The high level of craftsmanship achieved by Kashmiri weavers remains unmatched to this day.
Known in Kashmir as ‘pashmina’, the shawls are hand-woven from the softest, warmest, light-weight fabric spun from the fine under-hair of high-altitude goats. The weaving of this fine fabric into shawls is thought to have been done in Kashmir since the 1st century AD and remains in practice even today. The collection demonstrates the skills of the Kashmiri weavers perfected over centuries.
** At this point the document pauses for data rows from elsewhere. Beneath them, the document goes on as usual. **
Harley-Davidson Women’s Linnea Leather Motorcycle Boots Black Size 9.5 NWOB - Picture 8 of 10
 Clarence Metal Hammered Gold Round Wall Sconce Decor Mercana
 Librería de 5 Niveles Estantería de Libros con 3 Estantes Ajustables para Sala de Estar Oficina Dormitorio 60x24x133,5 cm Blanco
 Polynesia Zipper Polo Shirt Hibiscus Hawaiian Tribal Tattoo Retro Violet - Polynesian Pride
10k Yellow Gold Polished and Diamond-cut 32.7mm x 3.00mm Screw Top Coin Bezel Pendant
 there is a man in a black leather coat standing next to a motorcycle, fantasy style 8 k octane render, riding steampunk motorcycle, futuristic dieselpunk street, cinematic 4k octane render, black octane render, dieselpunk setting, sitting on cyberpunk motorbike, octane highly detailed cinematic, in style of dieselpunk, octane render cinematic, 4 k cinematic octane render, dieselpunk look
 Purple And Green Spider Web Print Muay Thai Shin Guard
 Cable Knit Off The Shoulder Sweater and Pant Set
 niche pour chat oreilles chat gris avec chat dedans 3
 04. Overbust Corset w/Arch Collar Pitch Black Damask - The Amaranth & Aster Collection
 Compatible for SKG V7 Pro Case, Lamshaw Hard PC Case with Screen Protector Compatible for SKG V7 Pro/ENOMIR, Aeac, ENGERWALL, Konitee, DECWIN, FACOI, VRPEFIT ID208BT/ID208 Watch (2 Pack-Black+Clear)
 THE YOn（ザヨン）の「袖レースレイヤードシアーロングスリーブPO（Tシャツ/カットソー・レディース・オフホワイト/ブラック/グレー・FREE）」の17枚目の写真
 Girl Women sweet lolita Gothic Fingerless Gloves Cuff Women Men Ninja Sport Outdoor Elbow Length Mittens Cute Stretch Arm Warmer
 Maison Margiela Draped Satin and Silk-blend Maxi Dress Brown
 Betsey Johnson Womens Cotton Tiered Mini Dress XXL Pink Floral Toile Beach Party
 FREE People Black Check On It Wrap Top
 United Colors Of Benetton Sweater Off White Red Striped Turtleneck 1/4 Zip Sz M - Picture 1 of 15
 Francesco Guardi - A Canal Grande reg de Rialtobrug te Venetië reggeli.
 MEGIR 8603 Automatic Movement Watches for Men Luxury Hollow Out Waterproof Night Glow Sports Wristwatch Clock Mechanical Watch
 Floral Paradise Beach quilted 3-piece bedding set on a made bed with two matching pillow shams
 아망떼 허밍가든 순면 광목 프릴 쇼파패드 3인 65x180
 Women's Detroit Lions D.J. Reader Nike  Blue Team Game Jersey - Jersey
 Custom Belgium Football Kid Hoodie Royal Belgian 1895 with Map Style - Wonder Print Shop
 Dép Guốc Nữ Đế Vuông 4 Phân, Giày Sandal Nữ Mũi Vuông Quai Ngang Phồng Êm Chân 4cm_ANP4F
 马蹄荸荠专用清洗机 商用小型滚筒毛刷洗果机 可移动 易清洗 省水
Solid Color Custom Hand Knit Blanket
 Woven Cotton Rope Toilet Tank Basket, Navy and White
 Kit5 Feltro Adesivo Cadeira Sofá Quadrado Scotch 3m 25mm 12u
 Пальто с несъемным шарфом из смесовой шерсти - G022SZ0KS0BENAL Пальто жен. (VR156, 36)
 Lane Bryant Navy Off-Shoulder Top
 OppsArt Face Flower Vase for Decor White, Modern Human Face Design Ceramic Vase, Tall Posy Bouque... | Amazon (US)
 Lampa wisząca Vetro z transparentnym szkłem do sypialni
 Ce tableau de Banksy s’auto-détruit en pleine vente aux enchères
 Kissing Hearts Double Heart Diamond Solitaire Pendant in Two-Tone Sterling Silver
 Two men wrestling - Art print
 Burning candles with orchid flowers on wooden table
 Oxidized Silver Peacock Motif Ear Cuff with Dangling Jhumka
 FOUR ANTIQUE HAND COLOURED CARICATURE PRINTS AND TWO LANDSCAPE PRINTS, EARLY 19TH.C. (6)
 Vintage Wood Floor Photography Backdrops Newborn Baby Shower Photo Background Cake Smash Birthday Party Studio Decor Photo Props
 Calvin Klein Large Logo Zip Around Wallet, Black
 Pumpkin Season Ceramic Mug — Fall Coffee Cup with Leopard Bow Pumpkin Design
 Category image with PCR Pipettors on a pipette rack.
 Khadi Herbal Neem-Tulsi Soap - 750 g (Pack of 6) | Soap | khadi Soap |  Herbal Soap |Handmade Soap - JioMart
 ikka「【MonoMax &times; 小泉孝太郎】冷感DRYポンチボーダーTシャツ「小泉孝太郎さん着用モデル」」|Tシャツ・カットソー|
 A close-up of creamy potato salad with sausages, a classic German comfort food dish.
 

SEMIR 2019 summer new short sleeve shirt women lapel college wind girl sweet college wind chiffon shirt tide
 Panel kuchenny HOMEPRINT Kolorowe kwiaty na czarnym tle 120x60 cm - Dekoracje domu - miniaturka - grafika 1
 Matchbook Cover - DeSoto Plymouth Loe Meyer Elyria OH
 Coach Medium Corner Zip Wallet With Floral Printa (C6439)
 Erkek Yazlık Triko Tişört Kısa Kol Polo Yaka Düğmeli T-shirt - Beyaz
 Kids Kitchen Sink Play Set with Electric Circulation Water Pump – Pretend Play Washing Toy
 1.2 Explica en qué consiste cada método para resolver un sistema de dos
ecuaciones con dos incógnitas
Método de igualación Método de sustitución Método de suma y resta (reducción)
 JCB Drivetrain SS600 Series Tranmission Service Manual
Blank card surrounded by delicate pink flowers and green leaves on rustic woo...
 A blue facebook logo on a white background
Highlights include an early 19th century square shawl with a remarkable and unusual pattern which combines stripes with the central moon design – estimated between USD 8,900-12,700. Moon shawls are known to have been modelled after a type of sixteenth century carpet from the Ottoman court in Cairo. Striped examples were especially valued by members of the royal court of Jaipur in Rajasthan. Moon shawls were also very popular in Western markets especially with fashionable ladies in Britain in the late 18th and 19th centuries to be worn as accessories with their gowns.
Further highlights include a 17th century Mughal long shawl border fragment comprising eleven singular floral motifs woven on an ivory ground – estimated between USD 5,000-7,500. This is an extremely rare 17th century example illustrating an iconic motif often associated with Mughal architecture and miniature paintings.